__Exercise details__: The reply should contain all the data below, repeated exactly, and none of the images.

__Dataset content__:
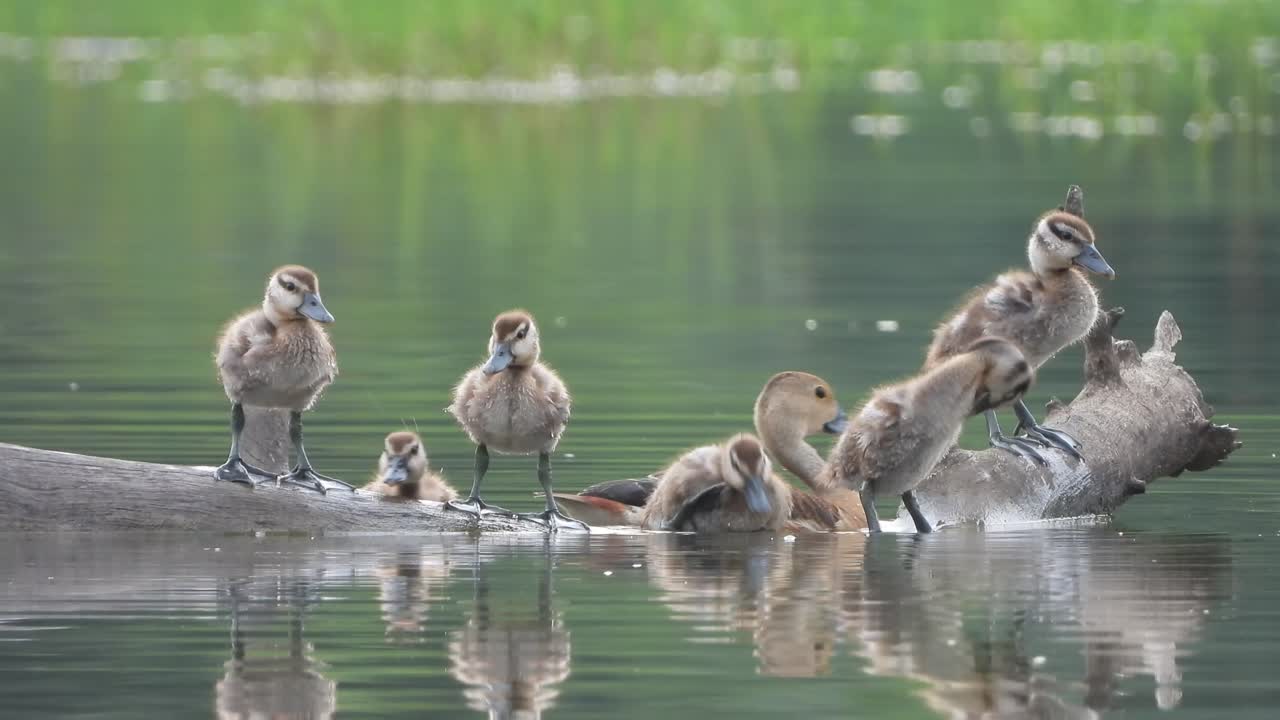 휘파람 오리 - 병아리 - 연못
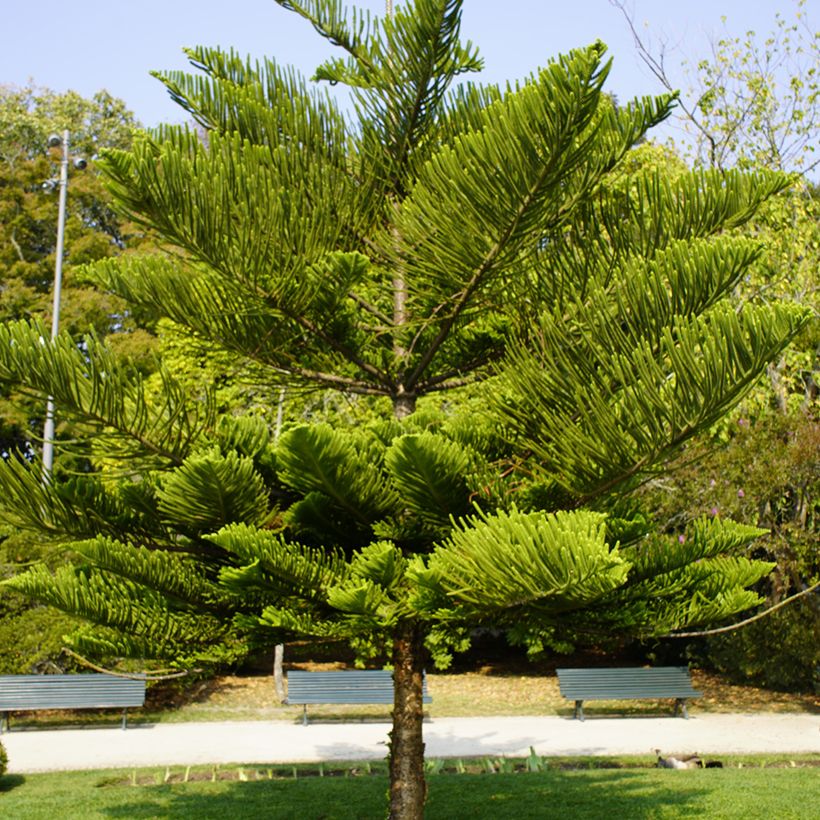 Araucaria heterophylla - Norfolk Island pine (Plant habit)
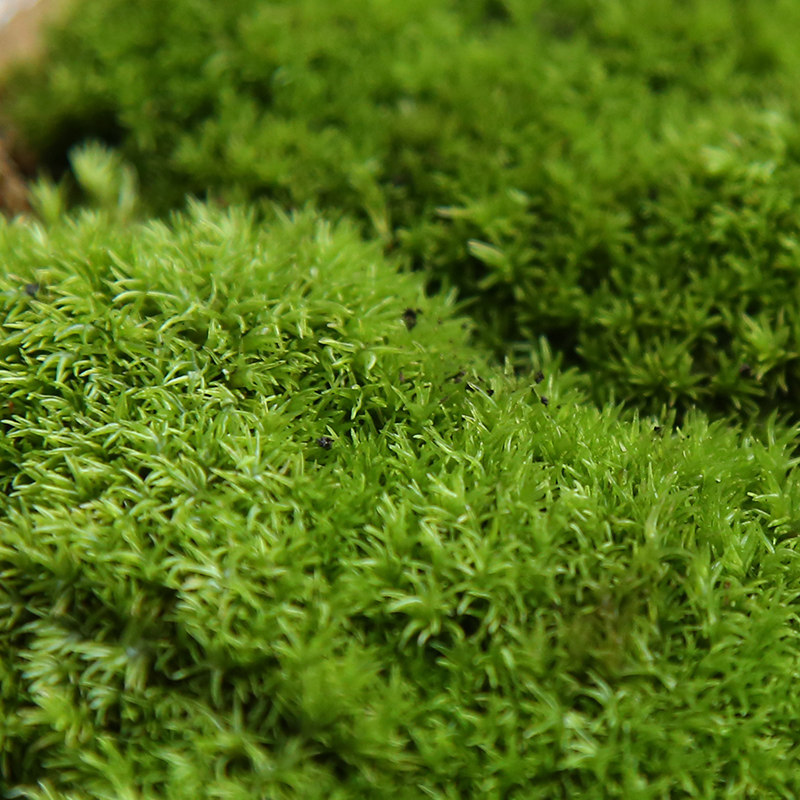 苔藓微景观植物苔藓植物鲜活青苔小草盆栽微景观植物diy材料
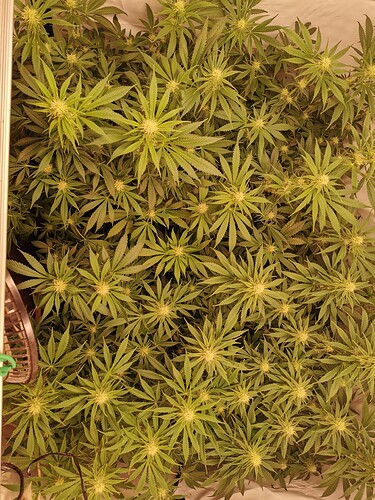 Growreport Bild 1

__Response for this exercise__:
 휘파람 오리 - 병아리 - 연못
 Araucaria heterophylla - Norfolk Island pine (Plant habit)
 苔藓微景观植物苔藓植物鲜活青苔小草盆栽微景观植物diy材料
 Growreport Bild 1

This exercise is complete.